Unnamed: 0,count,mean,std,min,25%,50%,75%,max
satisfaction_level,14999.0,0.612834,0.248631,0.09,0.44,0.64,0.82,1.0
last_evaluation,14999.0,0.716102,0.171169,0.36,0.56,0.72,0.87,1.0
number_project,14999.0,3.803054,1.232592,2.0,3.0,4.0,5.0,7.0
average_montly_hours,14999.0,201.050337,49.943099,96.0,156.0,200.0,245.0,310.0
time_spend_company,14999.0,3.498233,1.460136,2.0,3.0,3.0,4.0,10.0
Work_accident,14999.0,0.14461,0.351719,0.0,0.0,0.0,0.0,1.0
left,14999.0,0.238083,0.425924,0.0,0.0,0.0,0.0,1.0
promotion_last_5years,14999.0,0.021268,0.144281,0.0,0.0,0.0,0.0,1.0


In [7]:
data.describe(include=['O']).T

Unnamed: 0,count,unique,top,freq
sales,14999,10,sales,4140
salary,14999,3,low,7316


In [11]:
# Rename two columns to fix typo, convert to lowercase
data.rename(columns={'average_montly_hours': 'average_monthly_hours',
                     'Work_accident': 'work_accident'}, inplace=True)
data.head()

Unnamed: 0,satisfaction_level,last_evaluation,number_project,average_monthly_hours,time_spend_company,work_accident,left,promotion_last_5years,sales,salary
0,0.38,0.53,2,157,3,0,1,0,sales,low
1,0.8,0.86,5,262,6,0,1,0,sales,medium
2,0.11,0.88,7,272,4,0,1,0,sales,medium
3,0.72,0.87,5,223,5,0,1,0,sales,low
4,0.37,0.52,2,159,3,0,1,0,sales,low


## Probability, Expectation Values, and Variance

The concepts of probability, expectation values, and variance are the bedrock of statistical inference.  Let's begin by employing some of these concepts to see if we can find some interesting paths to go down which may provide some insight into the inner workings of this company.
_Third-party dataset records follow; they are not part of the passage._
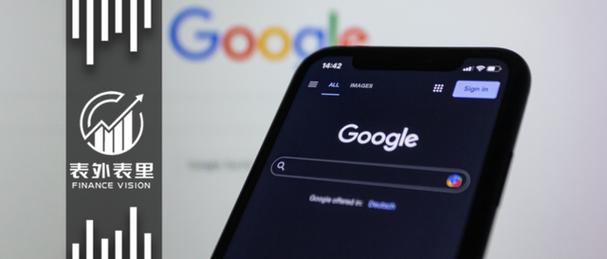 Google搜索首屏AI Overviews流量占比对比图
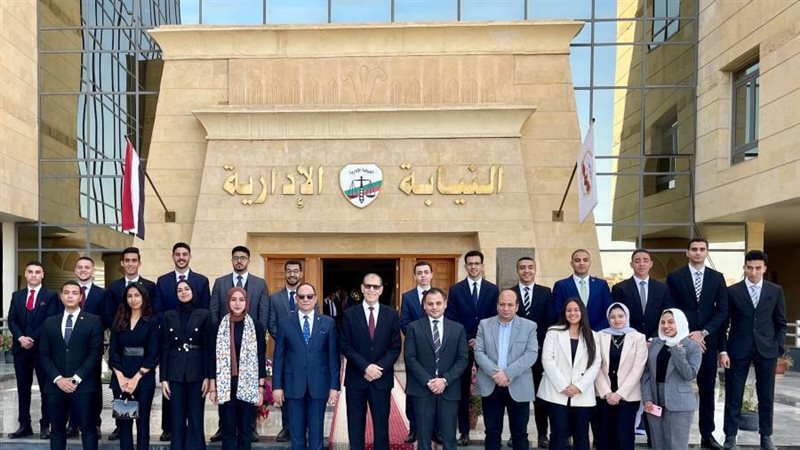 النيابة الإدارية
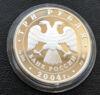 3 рубля 2004 года. Лунный календарь. Обезьяна. ММД купить на monitex.com.ua - 4 3 рубля 2004 года. Лунный календарь. Обезьяна. ММД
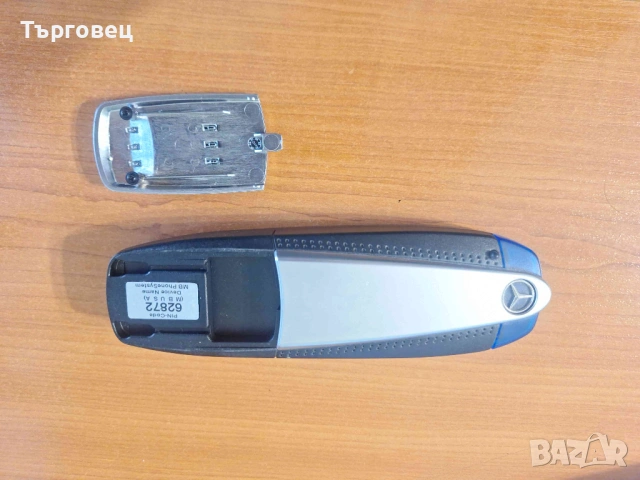 Bluetooth за Mercedes, снимка 3 - Аксесоари и консумативи - 53015782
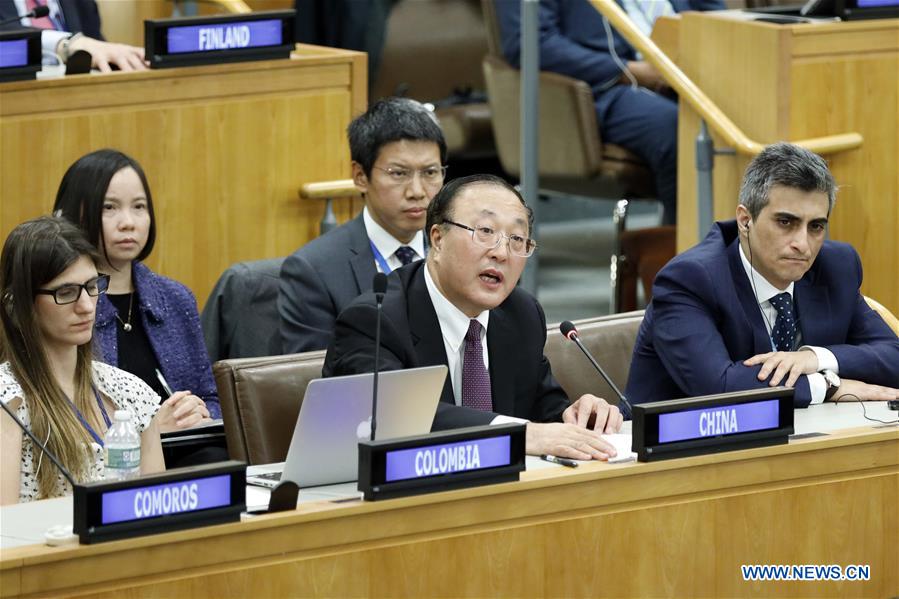 UN-GENERAL ASSEMBLY-THIRD COMMITTEE-CHINA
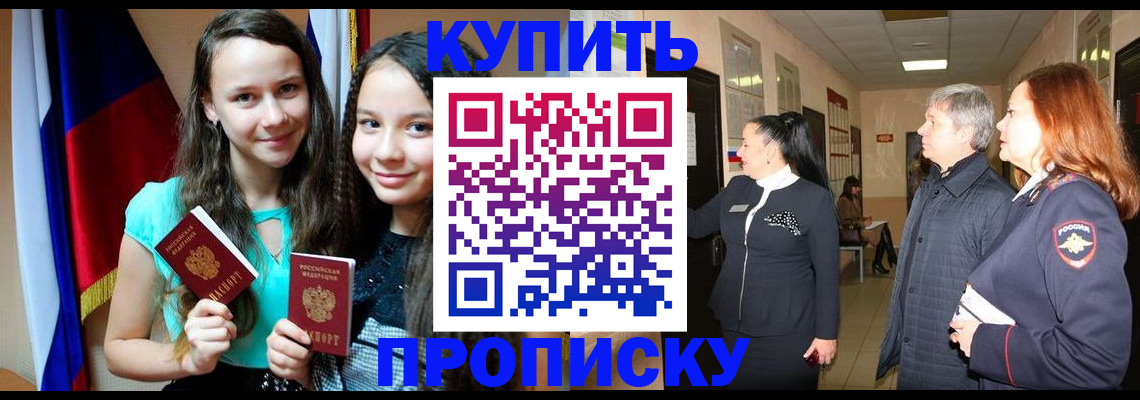 прописка штамп в Гаджиево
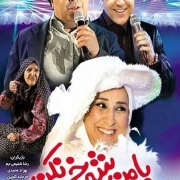 دانلود فیلم با من شوخی نکن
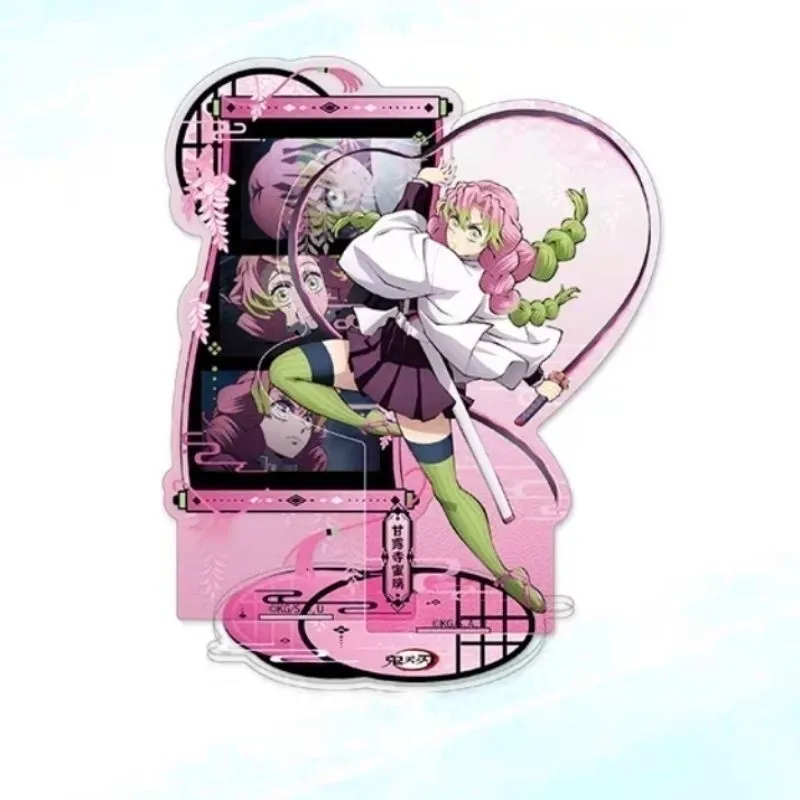 Ghost Slayer Blade Ganlu Temple Glass Transparent Acrylic Ornament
1. What is the probability that a randomly selected employee left the company?  What about experienced a work accident?  Also compute the probability that a randomly selected employee left the company and experienced a work accident.
1. Compute the 25th, 50th, and 90th percentiles for the satisfaction level score for all employees that left the company.  Compare these results to the same percentiles for those that did not leave.  What can you say about the results?
1. Compute the variance and standard deviation of hours worked.
1. Compare the variance between the satisfaction levels of employees who left versus those who stayed.  Which is larger?  What does this mean?
1. Compute the mean satisfaction level for each salary category.  Comment on your results.
1. Given an employees salary level (low, medium, or high), calculate the probability that they worked more than two standard deviations of the average monthly hours across all groups.  In other words, compute
$$P(hours > 2\sigma \vert salary ) = \dfrac{P(salary \vert hours > 2\sigma) P(hours > 2\sigma)}{P(salary)}$$
1. What can you say about your results in part 6?
1. Repeat parts 6 and 7 for 
$$P(left \vert salary ) = \dfrac{P(salary \vert left) P(left)}{P(salary)}$$
1. What is the odds ratio of an employee with a high salary getting a promotion within the past five years versus a low salary employee?  Comment on your results.
1. Suppose we were to pull a random sample of size 50 of employee satisfaction levels.  What would approximately be the mean of this sample?  What would be the mean of, say, 10 sets of random samples?  Demonstrate your assertions by writing some python code to do just that.


In [26]:
# Question 1
# Get total number of employees that left, find proportion of total
left_count = data.left.value_counts()[1]
prob_left = left_count / len(data.left)

# Get total number of employees who experienced an accident, find proportion of total
accident_count = data.work_accident.value_counts()[1]
prob_accident = accident_count / len(data.work_accident)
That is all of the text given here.